Explorations in Black Leadership

Co-Directed by Phyllis Leffler & Julian Bond

Leadership Philosophy: Confidence, Not Arrogance

BOND: Now, do you have a general philosophy that guides you through life? Is there some general set of philosophical principles that you try to follow or have tried to follow?

PINN: I’m sure there are. I’m not sure I can articulate them. I really don’t. I haven’t really thought about it that way. I guess I’m involved in so many different dimensions that I think in terms of different activities and, again, it just comes down to not doing anything that I feel would be unethical, would go against a sense of being —

BOND: It sounds like the physicians injunction — first, do no harm.

PINN: That’s true. But I guess I sort of was brought up feeling that way long before I became a doctor but, yeah, that’s probably as good a way as any to put it — do no harm.

BOND: Now, how has that sustained you through moments of resistance or alienation or rejection?
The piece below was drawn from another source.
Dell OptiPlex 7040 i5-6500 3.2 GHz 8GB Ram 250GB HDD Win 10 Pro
PINN: It’s a matter of — I guess if I think about it, feeling that what I’m pursuing — taking stock in what I’m pursuing — is it really worth the effort and the sacrifices or the battles and if it is, then I have no choice but to move forward. And that’s sort of how I approach things. If I’m fighting a battle and I think about it in the larger scope of the world, the larger scope of my world or larger scope of whatever we’re working in, if it’s not worth it, then maybe I need to direct my efforts elsewhere, but if it’s something that’s very important that needs to be done, then I need to hang in there and do it. If nobody else will or if others come along with me, all the better, but you never accomplish things or you never bring about change if you don’t battle forward.
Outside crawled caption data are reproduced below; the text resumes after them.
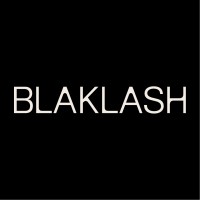 Blaklash logo - Similar company to Future Anything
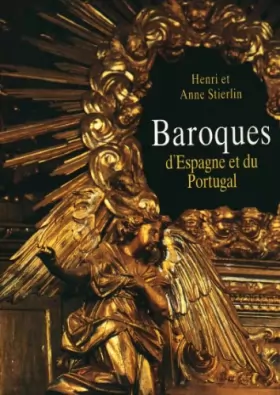 Couverture du produit · Baroques d'Espagne et du Portugal
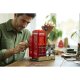LEGO Ideas 21347 Red London Telephone Box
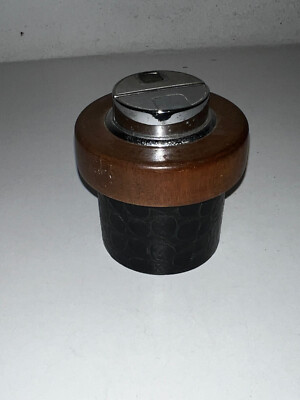 Sarome Japan MCM Table Lighter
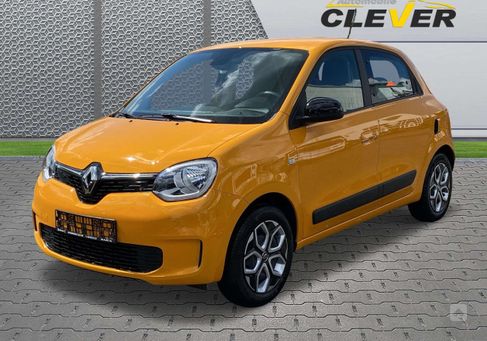 Renault Twingo, 2024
BOND: And if you think you’re right, you’ll go forward by yourself?

PINN: I will, but I have to be careful that I don’t overestimate my own righteousness in feeling I’m right, so I have to make those decisions about whether or not I’m right based on some outside influences, and I am certainly capable and often do say to friends or colleagues, you know, "Tell me, do you think that what I’m trying to pursue is right? Is this something we should be doing because of the resistance, either on a personal level or professional level?" So I don’t try to just make all those decisions myself.
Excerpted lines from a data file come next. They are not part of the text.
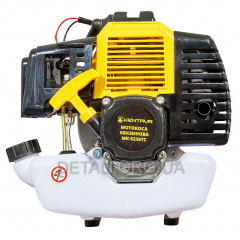 Двигун мотокоси KENTAVR MK-5236TC у зборі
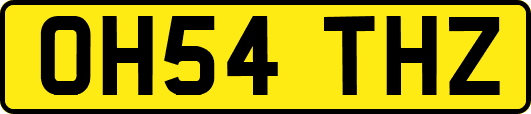 OH54THZ
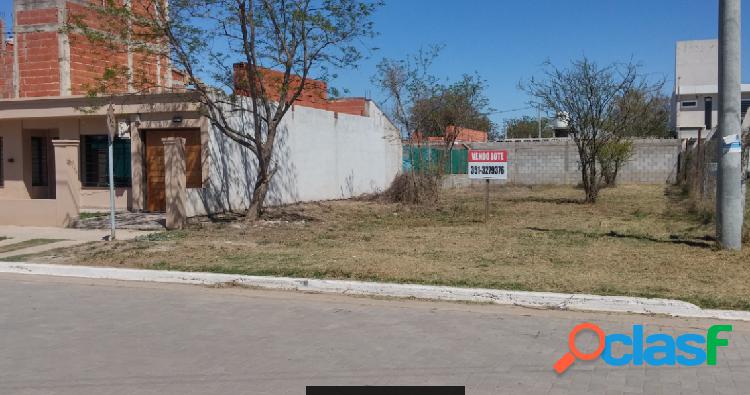 SE VENDE LOTE EN TOLEDO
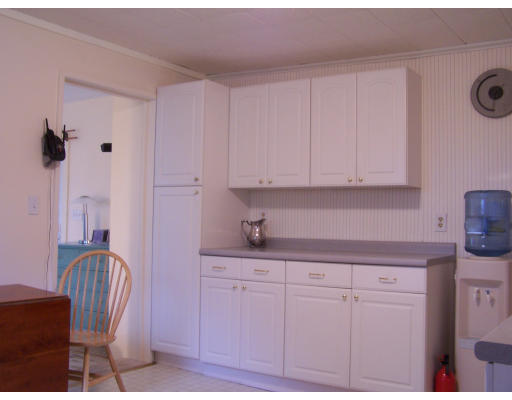 19 Hiley Brook Road Stow, MA 01775 - Photo 4 of 5 a kitchen with a sink cabinets and appliances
When I talk to young people, I often say you’ve got to have self-confidence but you can’t be arrogant. I don’t like arrogance. I don’t like it in people and in me professionally. I don’t like it in people that I meet personally. I have known professionals who are arrogant that I say, "Okay, I can accept that because they earned it. I know their careers. I know their lives, so I can accept their arrogance. Maybe they deserve to have that degree of arrogance." But I know you don’t have to be arrogant, so when it comes to whether or not I think I’m right in where I’m going, I have to remind myself all the time what I say to others — I can’t be arrogant about it. I need to have the self-confidence but I don’t want to be arrogant about it. If that makes sense —

BOND: Yes, that makes sense.

PINN: — but that’s really how I think about it. I really have a problem with people who are always self-righteous and arrogant in their self-righteousness regardless of what anybody else thinks and so I have to keep myself in check to make sure I don’t assume those same attitudes.